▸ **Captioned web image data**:
╭──

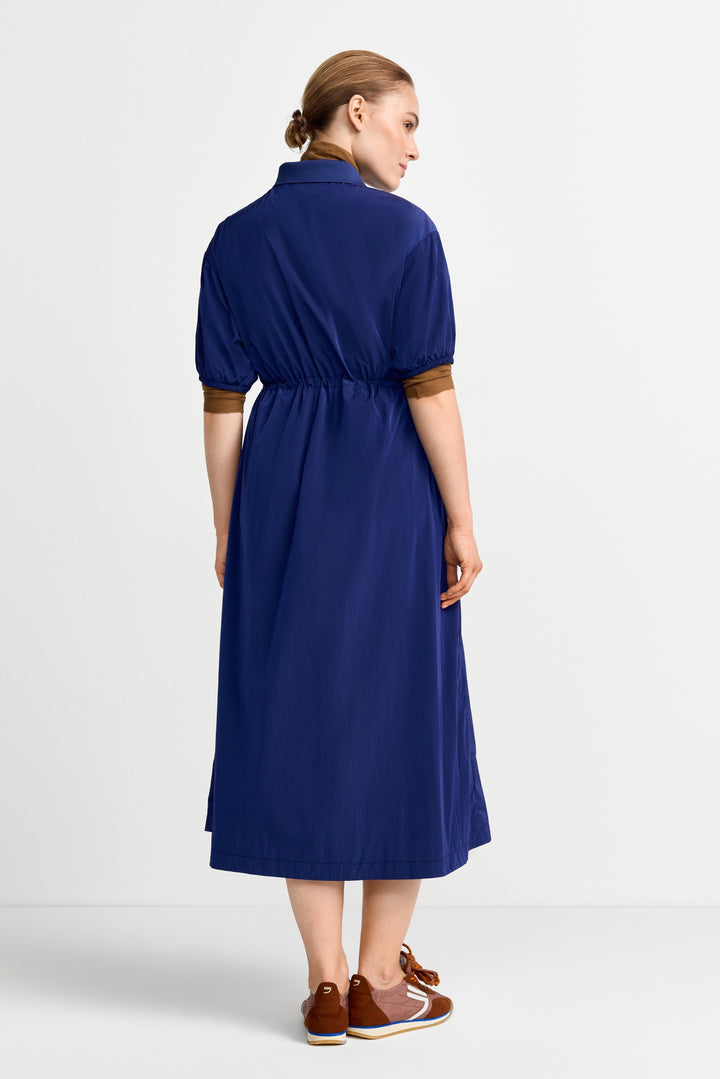 Midi Dress with Details, midnight blue 781 Bild 4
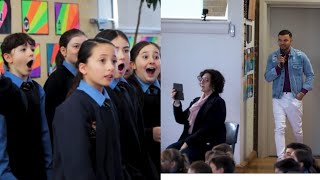 guy sebastian  School Choir SURPRISE [upl. by Rory275]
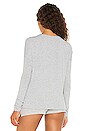 view 3 of 4 Breakers Long Sleeve Top in Heather Grey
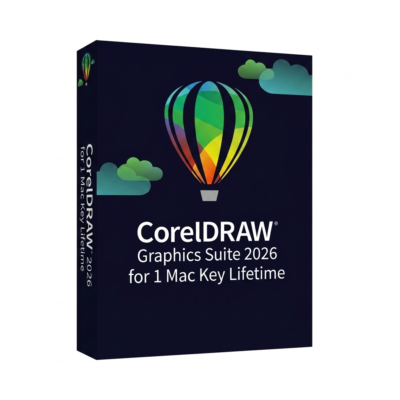 CorelDRAW Graphics Suit 2026 for 1 Mac Key Lifetime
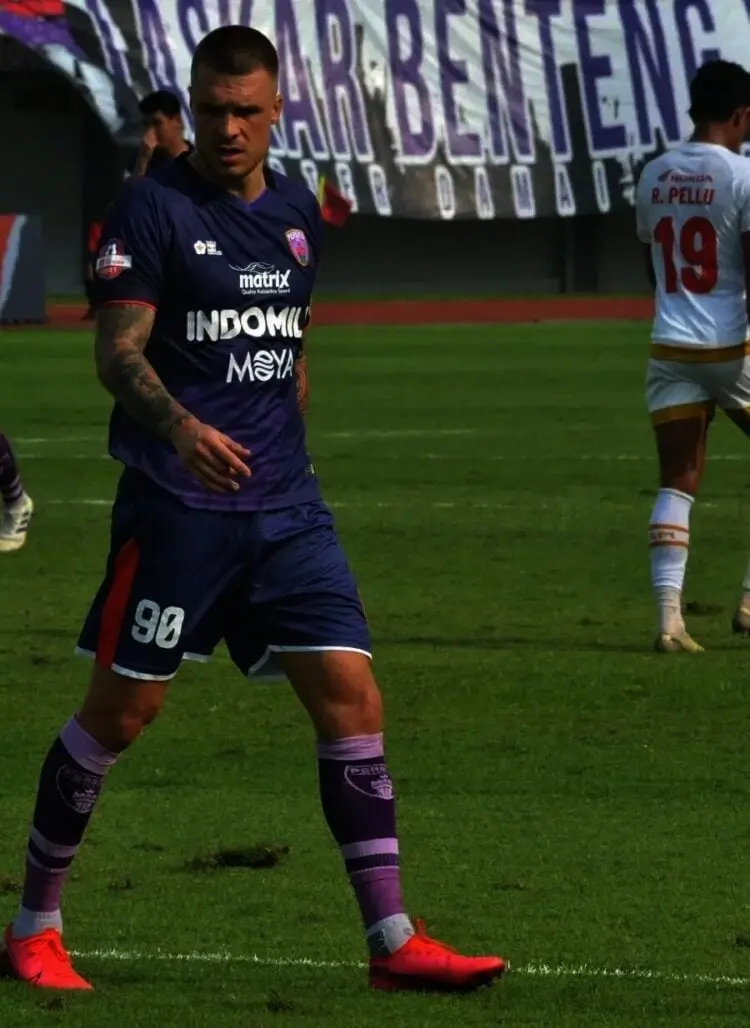 Shopee Liga 1 dan Liga 2 Tahun 2020 Disetop, Persita Gembira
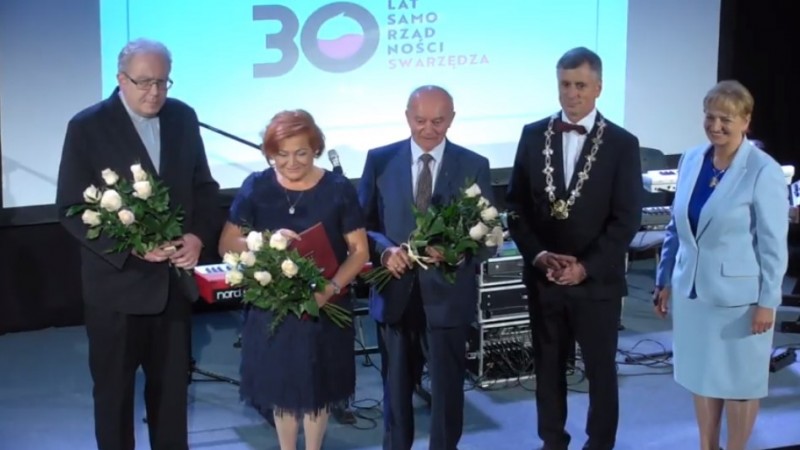 ZASŁUŻENI DLA MIASTA I GMINY SWARZĘDZ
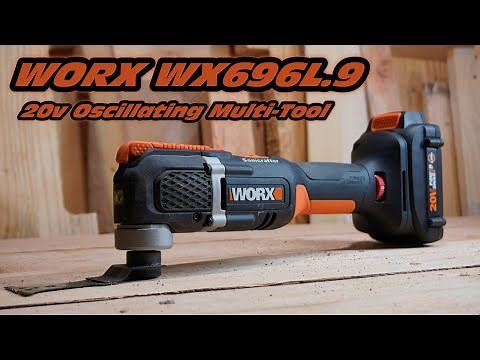 Review Worx WX696L Multi tool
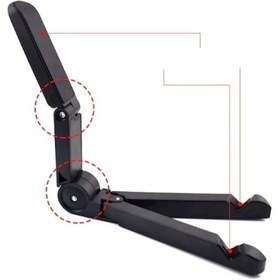 Resim Appa 3 AYAK KATLANABİLİR TABLET TUTUCU STAND SRF-062 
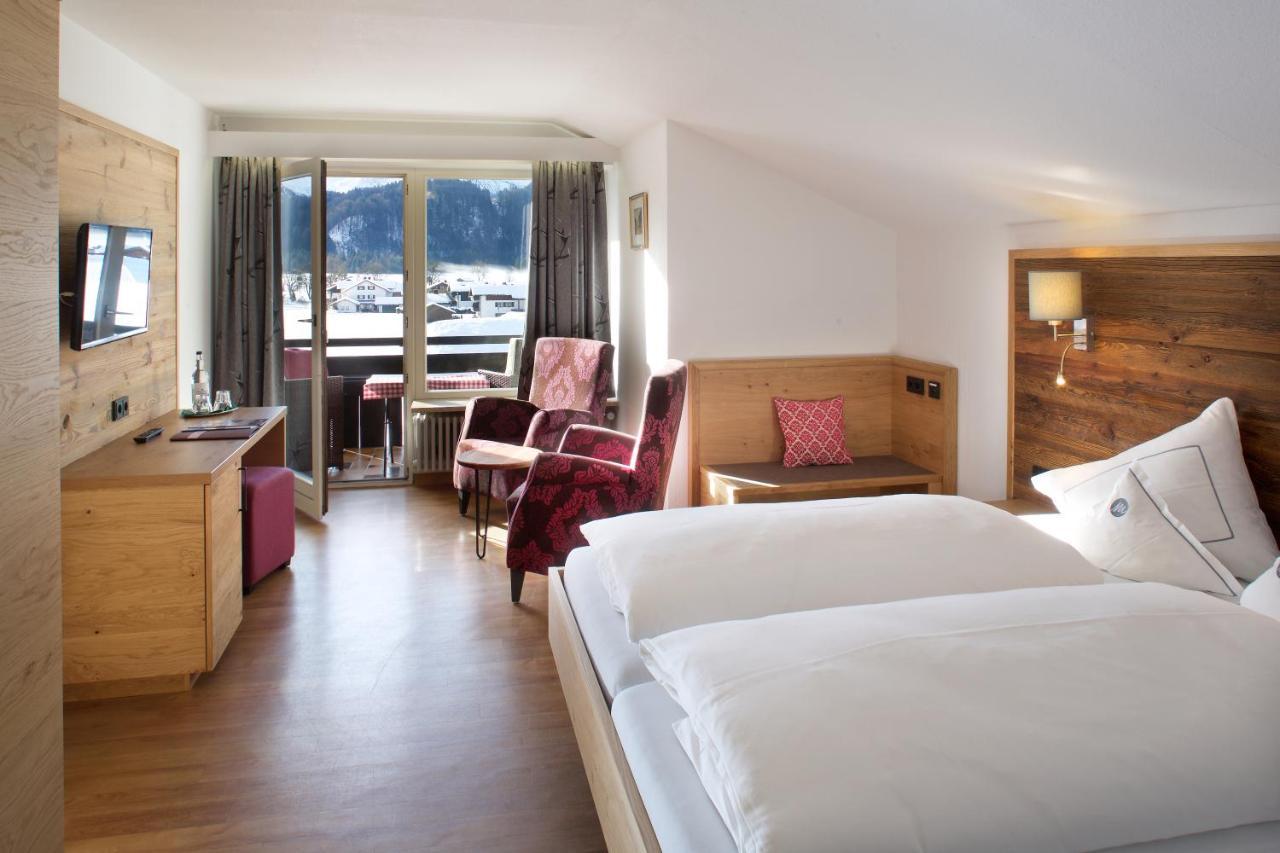 Hotel Menning ***S Oberstdorf Exterior foto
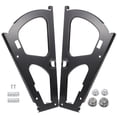 thumbnail image 2 of MasteelfCA 2pcs Shoe Cabinet Flips Bracket Shoe Cabinet Flips Frame Shoe Cabinet Flips Racks, 2 of 8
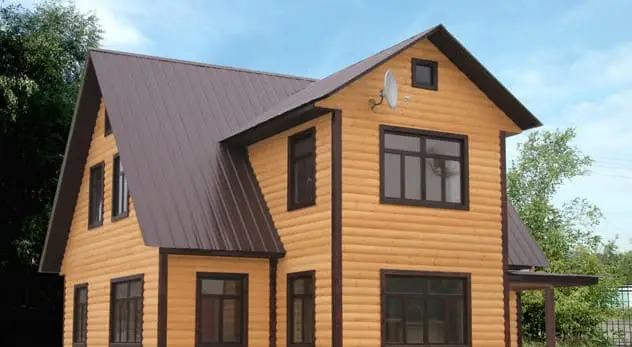 Технология монтажа кровли из профнастила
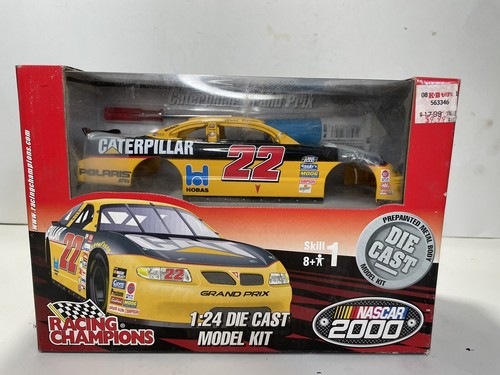 ヴィンテージ mpc 1/25 ラスティ・ウォレス ポンティアック NASCAR Racing Champions #2 Rusty Wallace Mobil 1 Racing Collectors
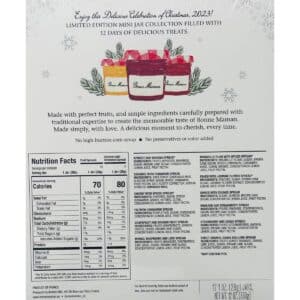 bonne Maman 12 days of Christmas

╰──

Your output should consist solely of the lines from the line containing "ZASŁUŻENI DLA MIASTA I GMINY SWARZĘDZ" through the last line of the entries, verbatim, minus any pictures.

▸ **Solution**:
 ZASŁUŻENI DLA MIASTA I GMINY SWARZĘDZ
 Review Worx WX696L Multi tool
 Resim Appa 3 AYAK KATLANABİLİR TABLET TUTUCU STAND SRF-062 
 Hotel Menning ***S Oberstdorf Exterior foto
 thumbnail image 2 of MasteelfCA 2pcs Shoe Cabinet Flips Bracket Shoe Cabinet Flips Frame Shoe Cabinet Flips Racks, 2 of 8
 Технология монтажа кровли из профнастила
 ヴィンテージ mpc 1/25 ラスティ・ウォレス ポンティアック NASCAR Racing Champions #2 Rusty Wallace Mobil 1 Racing Collectors
 bonne Maman 12 days of Christmas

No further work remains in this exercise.